** Required action **
Please make sure what you return matches the listing below exactly, minus its pictures.

** Data shown **
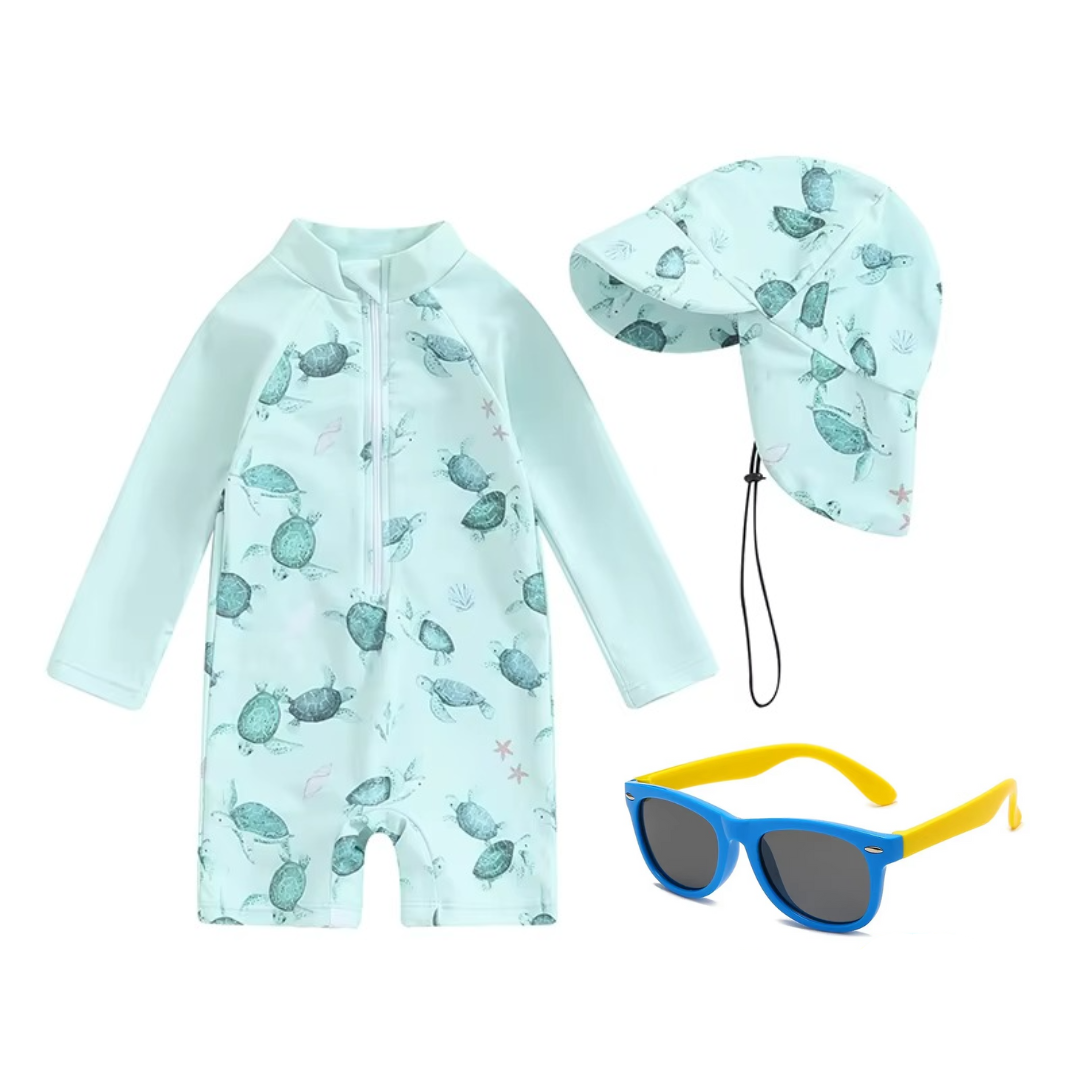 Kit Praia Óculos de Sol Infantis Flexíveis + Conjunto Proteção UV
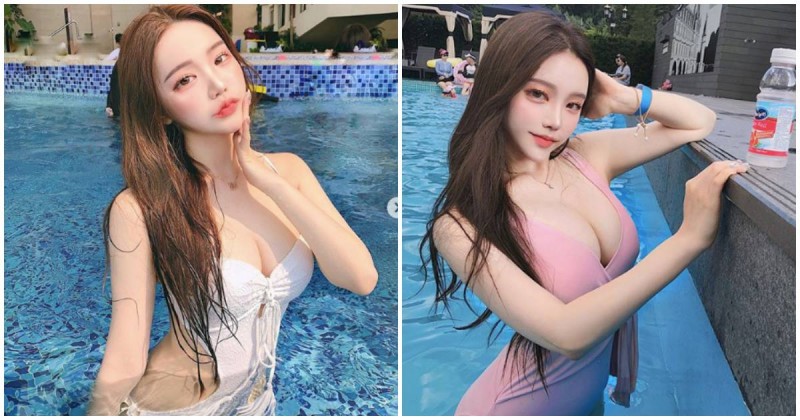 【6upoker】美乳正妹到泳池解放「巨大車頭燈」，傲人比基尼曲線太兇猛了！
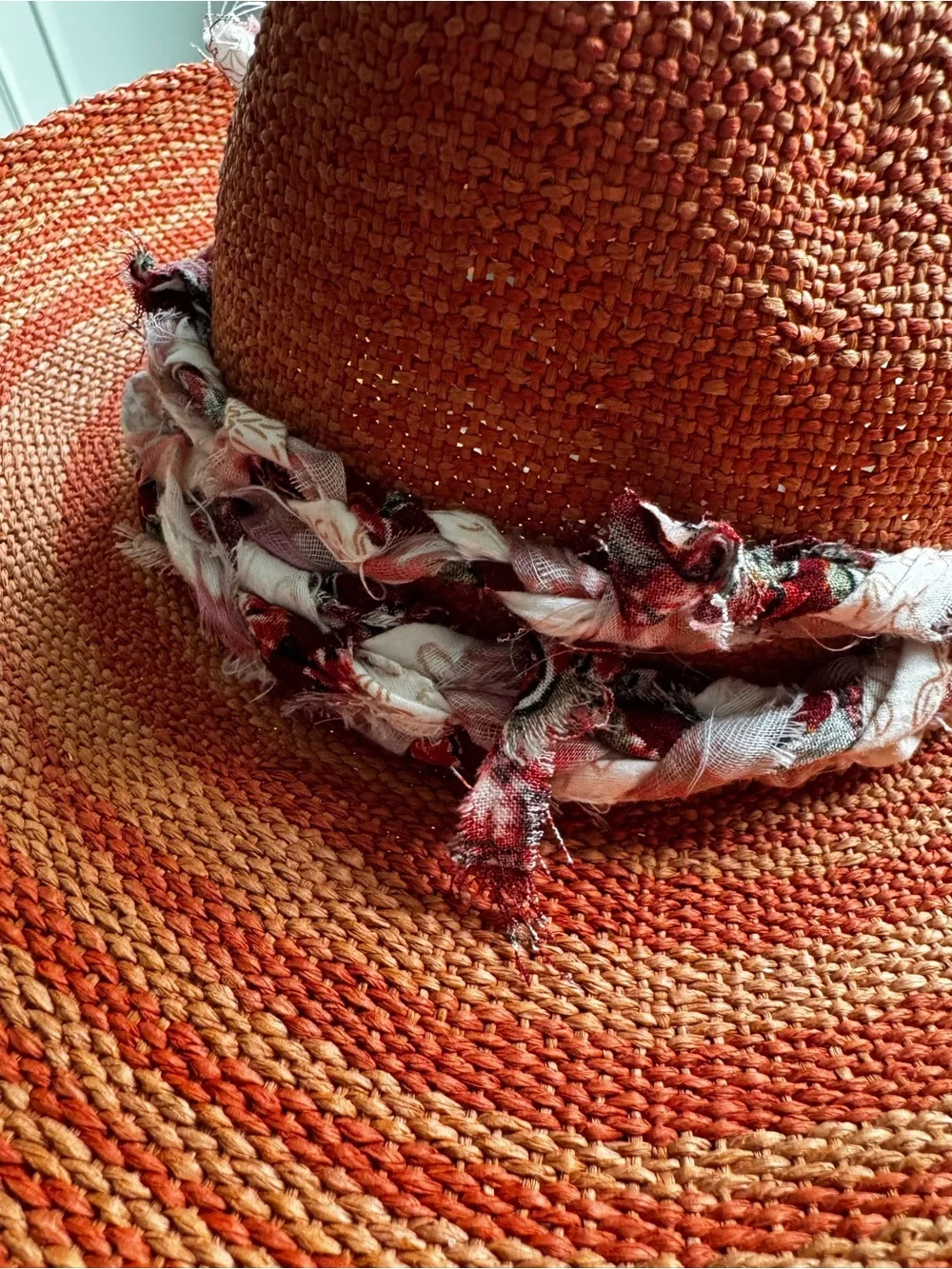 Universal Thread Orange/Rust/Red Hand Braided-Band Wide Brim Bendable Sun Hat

** Output below **
 Kit Praia Óculos de Sol Infantis Flexíveis + Conjunto Proteção UV
 【6upoker】美乳正妹到泳池解放「巨大車頭燈」，傲人比基尼曲線太兇猛了！
 Universal Thread Orange/Rust/Red Hand Braided-Band Wide Brim Bendable Sun Hat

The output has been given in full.